後場は逆に値を戻す展開。午後1時台には25日線を上回って15400円台を回復し、1時54分には15439円まで上昇。その後もプラスまでは戻らないがソフトバンク<9984>の堅調に支えられて15400円台はしっかり維持した。終値は35.27円安の15424.59円と続落し、2勝3敗、22日終値から114.60円下落して今週の取引を終えた。7月31日の終値からは196.18円下落して、地政学的リスクに翻弄された8月を締めくくった。日中値幅は91円。TOPIXは-2.77の1277.97と続落。JPX日経400は-35.67の11594.65。売買高は20億株、売買代金は1兆8052億円だった。

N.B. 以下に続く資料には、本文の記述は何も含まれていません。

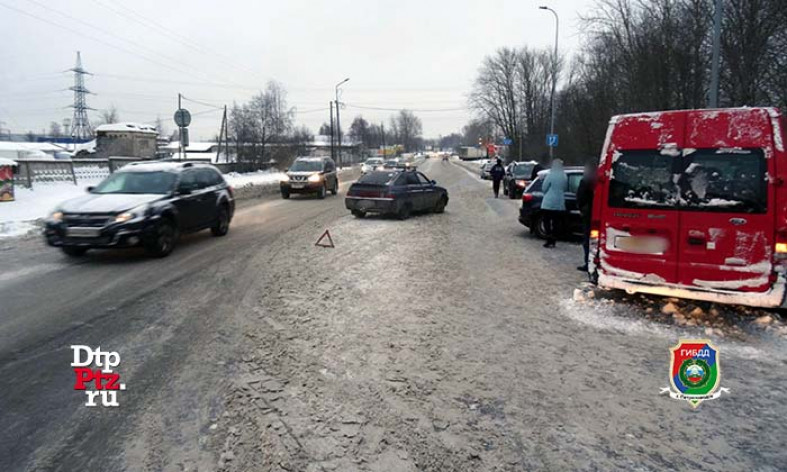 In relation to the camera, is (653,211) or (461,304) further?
(461,304)

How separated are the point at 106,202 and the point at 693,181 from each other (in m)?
9.23

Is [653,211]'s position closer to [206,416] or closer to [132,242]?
[206,416]

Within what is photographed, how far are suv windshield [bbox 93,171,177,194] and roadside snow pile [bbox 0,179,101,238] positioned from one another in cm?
387

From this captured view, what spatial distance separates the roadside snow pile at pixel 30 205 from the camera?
1218cm

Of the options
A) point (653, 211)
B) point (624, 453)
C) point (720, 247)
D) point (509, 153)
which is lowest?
point (624, 453)

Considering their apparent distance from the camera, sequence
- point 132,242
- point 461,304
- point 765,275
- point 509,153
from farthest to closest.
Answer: point 509,153 → point 132,242 → point 461,304 → point 765,275

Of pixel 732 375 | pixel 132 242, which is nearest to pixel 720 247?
pixel 732 375

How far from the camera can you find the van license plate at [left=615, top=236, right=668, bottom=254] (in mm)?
5719

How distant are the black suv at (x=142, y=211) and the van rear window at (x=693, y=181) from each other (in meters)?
7.67

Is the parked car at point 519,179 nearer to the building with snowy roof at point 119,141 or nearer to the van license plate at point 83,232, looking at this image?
the van license plate at point 83,232

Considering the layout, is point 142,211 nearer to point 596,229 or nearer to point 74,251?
point 74,251

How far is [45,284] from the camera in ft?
23.3

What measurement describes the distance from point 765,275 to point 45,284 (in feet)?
30.9

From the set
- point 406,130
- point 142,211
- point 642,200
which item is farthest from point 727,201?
point 406,130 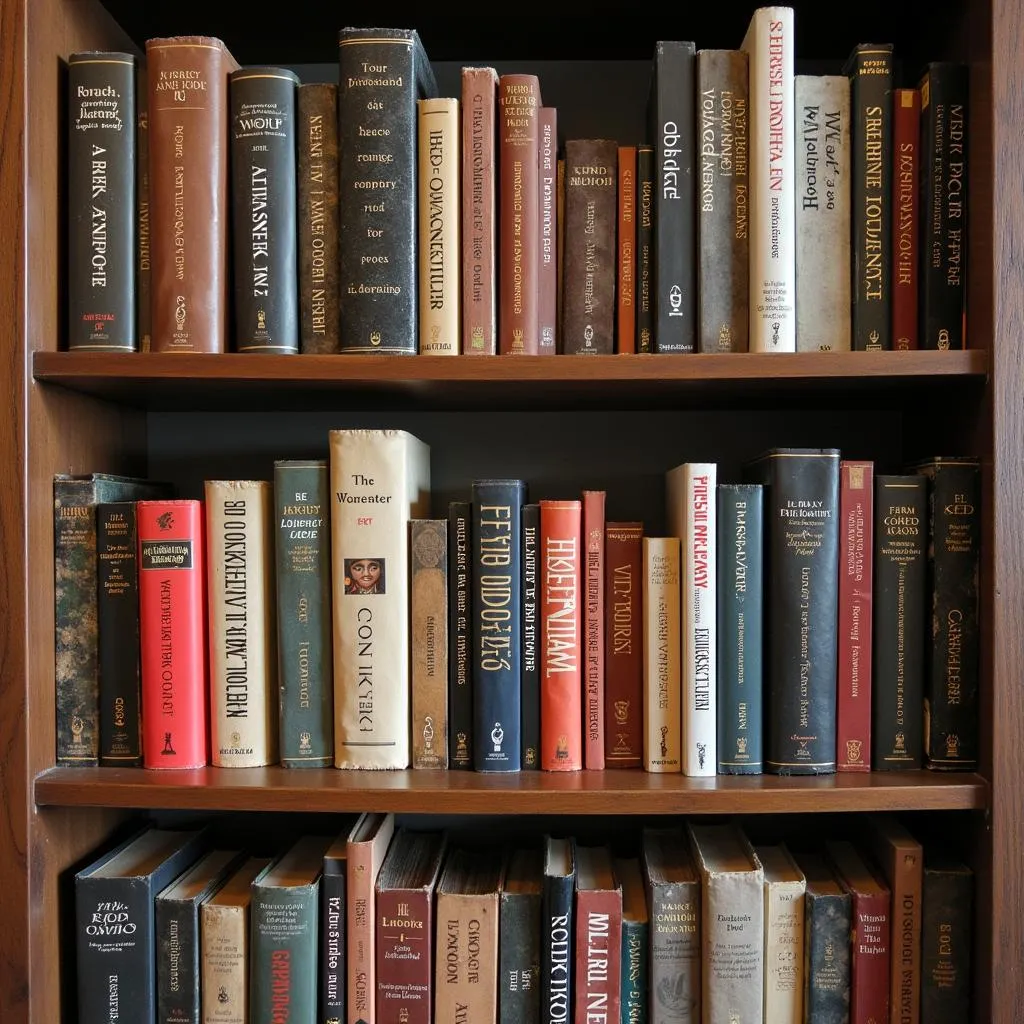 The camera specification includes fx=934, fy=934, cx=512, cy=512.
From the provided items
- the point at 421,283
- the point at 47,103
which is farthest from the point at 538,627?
the point at 47,103

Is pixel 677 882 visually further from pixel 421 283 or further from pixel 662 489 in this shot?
pixel 421 283

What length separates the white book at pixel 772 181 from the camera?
82 cm

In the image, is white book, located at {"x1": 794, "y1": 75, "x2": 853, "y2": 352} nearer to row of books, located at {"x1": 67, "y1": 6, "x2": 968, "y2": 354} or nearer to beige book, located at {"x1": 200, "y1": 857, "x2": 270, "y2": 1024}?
row of books, located at {"x1": 67, "y1": 6, "x2": 968, "y2": 354}

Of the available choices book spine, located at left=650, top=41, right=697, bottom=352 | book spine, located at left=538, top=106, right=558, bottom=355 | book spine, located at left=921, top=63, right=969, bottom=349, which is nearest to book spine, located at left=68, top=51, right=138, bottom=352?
book spine, located at left=538, top=106, right=558, bottom=355

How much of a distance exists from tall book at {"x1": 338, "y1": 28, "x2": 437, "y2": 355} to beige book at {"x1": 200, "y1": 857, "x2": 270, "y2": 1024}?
0.54 meters

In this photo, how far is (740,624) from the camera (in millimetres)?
849

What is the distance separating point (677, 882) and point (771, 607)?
0.27m

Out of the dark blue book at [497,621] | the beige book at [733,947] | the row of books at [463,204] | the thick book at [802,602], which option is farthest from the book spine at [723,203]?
the beige book at [733,947]

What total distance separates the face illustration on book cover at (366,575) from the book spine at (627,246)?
1.00 ft

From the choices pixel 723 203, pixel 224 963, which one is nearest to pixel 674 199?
pixel 723 203

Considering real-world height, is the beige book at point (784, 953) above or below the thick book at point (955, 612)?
below

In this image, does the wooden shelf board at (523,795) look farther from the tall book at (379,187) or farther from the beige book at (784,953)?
the tall book at (379,187)

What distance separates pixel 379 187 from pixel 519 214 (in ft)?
0.42

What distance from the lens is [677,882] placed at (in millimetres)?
861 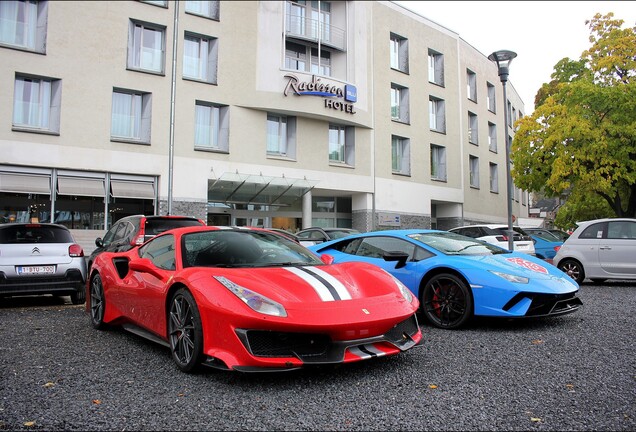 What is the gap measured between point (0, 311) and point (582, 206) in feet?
93.8

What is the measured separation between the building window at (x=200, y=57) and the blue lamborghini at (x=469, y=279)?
15.5 meters

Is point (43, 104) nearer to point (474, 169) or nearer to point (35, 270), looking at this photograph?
point (35, 270)

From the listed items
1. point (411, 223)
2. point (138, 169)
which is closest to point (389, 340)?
point (138, 169)

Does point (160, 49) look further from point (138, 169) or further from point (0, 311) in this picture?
point (0, 311)

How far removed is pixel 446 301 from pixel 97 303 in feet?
13.6

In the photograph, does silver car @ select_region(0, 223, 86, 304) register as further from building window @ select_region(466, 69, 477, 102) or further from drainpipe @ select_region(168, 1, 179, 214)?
building window @ select_region(466, 69, 477, 102)

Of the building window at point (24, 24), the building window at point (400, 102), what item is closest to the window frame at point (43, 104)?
the building window at point (24, 24)

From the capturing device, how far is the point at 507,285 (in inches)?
217

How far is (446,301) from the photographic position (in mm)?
5902

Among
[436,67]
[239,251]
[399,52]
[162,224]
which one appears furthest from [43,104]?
[436,67]

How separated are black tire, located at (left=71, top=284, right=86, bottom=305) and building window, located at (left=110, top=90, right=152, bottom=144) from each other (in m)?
11.1

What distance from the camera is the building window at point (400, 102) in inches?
1054

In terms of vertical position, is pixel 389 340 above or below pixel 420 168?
below

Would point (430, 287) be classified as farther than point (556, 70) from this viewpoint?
No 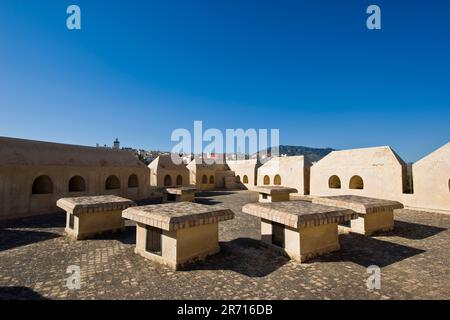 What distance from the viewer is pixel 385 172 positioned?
1661 centimetres

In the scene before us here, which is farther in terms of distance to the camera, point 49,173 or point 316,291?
point 49,173

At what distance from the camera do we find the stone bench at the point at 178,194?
54.9 feet

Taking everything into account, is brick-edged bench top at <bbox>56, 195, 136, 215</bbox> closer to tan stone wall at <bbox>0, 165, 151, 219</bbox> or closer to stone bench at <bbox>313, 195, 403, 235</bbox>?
tan stone wall at <bbox>0, 165, 151, 219</bbox>

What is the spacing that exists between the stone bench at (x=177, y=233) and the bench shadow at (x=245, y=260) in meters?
0.30

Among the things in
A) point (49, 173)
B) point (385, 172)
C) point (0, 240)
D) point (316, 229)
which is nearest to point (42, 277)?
point (0, 240)

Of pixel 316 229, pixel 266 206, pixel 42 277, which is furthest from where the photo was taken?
pixel 266 206

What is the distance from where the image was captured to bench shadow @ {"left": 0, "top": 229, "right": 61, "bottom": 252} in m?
8.35

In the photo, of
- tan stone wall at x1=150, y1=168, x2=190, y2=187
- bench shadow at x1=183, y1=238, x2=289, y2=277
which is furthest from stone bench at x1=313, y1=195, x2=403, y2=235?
tan stone wall at x1=150, y1=168, x2=190, y2=187

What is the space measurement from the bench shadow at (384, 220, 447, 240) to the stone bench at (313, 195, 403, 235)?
40 cm

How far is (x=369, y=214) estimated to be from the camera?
966 centimetres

東証1部の値上がり銘柄数は694、値下がり銘柄数は949。33業種別騰落率は上昇が23業種、下落が10業種。プラスのセクターの上位はゴム製品、不動産、輸送用機器、非鉄金属、建設、石油・石炭など。マイナスのセクターの下位は情報・通信、精密機器、その他製品、陸運、パルプ・紙、海運などだった。
日経平均採用225種は値上がり74銘柄、値下がり141銘柄。プラス寄与度1位はソフトバンクで+28円、2位はKDDI<9433>で+3円。マイナス寄与度1位はファナック<6954>で-12円、2位はアステラス製薬<4503>で-4円だった。

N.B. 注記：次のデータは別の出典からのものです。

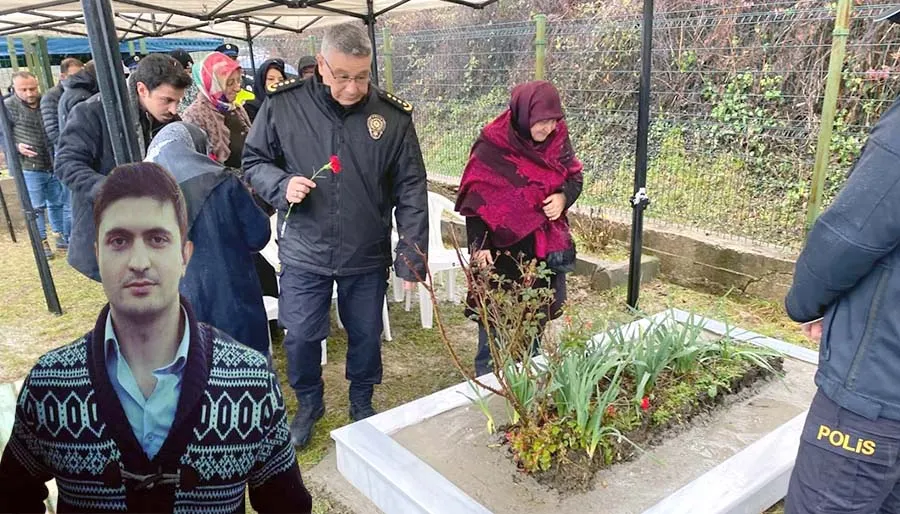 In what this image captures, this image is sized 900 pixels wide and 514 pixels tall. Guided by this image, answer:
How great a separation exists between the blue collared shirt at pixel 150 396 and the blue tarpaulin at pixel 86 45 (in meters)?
10.1

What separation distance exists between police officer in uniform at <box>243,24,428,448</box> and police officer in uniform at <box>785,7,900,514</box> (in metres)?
1.36

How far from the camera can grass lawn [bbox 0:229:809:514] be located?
325cm

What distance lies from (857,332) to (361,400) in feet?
6.52

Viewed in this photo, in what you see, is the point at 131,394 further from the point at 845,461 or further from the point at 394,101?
the point at 394,101

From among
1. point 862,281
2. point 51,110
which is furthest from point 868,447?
point 51,110

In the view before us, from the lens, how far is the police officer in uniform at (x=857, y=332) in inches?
53.9

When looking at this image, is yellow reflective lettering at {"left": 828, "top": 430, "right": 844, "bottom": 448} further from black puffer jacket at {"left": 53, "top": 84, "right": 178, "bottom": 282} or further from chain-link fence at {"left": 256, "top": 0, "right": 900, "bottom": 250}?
chain-link fence at {"left": 256, "top": 0, "right": 900, "bottom": 250}

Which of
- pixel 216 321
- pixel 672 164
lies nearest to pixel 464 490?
pixel 216 321

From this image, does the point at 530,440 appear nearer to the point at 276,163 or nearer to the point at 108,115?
the point at 276,163

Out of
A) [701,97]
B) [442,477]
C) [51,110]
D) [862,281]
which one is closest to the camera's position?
[862,281]

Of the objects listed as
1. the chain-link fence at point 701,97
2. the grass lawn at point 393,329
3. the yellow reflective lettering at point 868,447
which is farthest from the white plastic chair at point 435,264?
the yellow reflective lettering at point 868,447

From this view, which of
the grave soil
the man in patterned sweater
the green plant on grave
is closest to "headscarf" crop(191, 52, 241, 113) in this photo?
the grave soil

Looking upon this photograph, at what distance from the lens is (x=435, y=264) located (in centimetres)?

メガバンクはみずほ<8411>値動きなし、三菱UFJ<8306>1.3円高、三井住友FG<8316>が大きく上昇し53.6円高。金融庁は前日の自民党財務金融部会で、20歳以上の非課税枠を年120万円に拡大し、新たに0~19歳対象の非課税枠80万円の「未成年のNISA」を創設するNISAの拡充案を示した。ただし1世帯の非課税枠は200万円上限。証券セクターは野村HD<8604>が0.7円安、大和証券G<8601>が17.3円安、松井証券<8628>が8円安と反応なし。

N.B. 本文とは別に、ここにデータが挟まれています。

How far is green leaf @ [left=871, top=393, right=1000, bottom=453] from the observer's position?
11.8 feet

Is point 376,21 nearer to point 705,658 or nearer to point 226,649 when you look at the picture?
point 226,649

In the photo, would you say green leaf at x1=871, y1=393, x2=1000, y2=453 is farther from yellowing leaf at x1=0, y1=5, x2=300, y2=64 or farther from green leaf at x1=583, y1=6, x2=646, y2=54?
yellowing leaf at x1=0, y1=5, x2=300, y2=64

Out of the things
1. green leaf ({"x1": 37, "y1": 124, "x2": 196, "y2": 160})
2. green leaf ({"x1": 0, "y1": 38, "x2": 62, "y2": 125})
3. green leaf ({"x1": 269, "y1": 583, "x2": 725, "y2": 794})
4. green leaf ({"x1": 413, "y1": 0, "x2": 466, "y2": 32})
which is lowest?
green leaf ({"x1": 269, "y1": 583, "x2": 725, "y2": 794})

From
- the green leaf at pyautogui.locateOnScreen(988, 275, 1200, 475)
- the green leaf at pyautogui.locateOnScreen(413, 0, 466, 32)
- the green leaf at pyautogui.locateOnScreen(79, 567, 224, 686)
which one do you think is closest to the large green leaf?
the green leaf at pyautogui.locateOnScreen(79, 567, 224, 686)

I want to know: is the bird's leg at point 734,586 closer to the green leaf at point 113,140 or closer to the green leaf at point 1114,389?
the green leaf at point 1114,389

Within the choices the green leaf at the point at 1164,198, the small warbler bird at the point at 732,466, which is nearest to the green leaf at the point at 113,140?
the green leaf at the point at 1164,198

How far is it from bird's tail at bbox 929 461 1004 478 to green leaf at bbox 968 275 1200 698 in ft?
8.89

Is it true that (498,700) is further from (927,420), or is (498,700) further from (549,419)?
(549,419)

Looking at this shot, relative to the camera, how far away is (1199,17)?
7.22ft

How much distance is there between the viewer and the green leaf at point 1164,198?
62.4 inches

トヨタ<7203>は三菱UFJ証券がレーティングを引き上げたが7円安。日産<7201>は10円安。マツダ<7261>は41円安と自動車大手は軒並み安。ホンダ<7267>が国に、ブラジル現地法人の事業に関する約75億円の追徴課税取り消しを求めた訴訟の判決が東京地裁であり、ホンダ側が全面勝訴だったが18.5円安。こんなことがあるのが「法の支配」ということ。JPX日経400から除外されて1日目のソニー<6758>は24円高。シャープ<6753>は前日、パイオニア<6773>との資本提携を解消すると発表。シャープは3円高、パイオニアは5円安。業務提携は継続するがシャープはパイオニア株を自由に売却できるようになり財務改善が図れる。パナソニック<6752>、日立金属<5486>と大阪大学などは、日本が競争力を保持している「パワー半導体」でシリコン以外の材料を使う省エネ型量産技術を2016年度を目標に共同開発すると報じられ、パナソニックは7円高、日立金属は9円安。エネルギー損失は従来の6分の1以下という。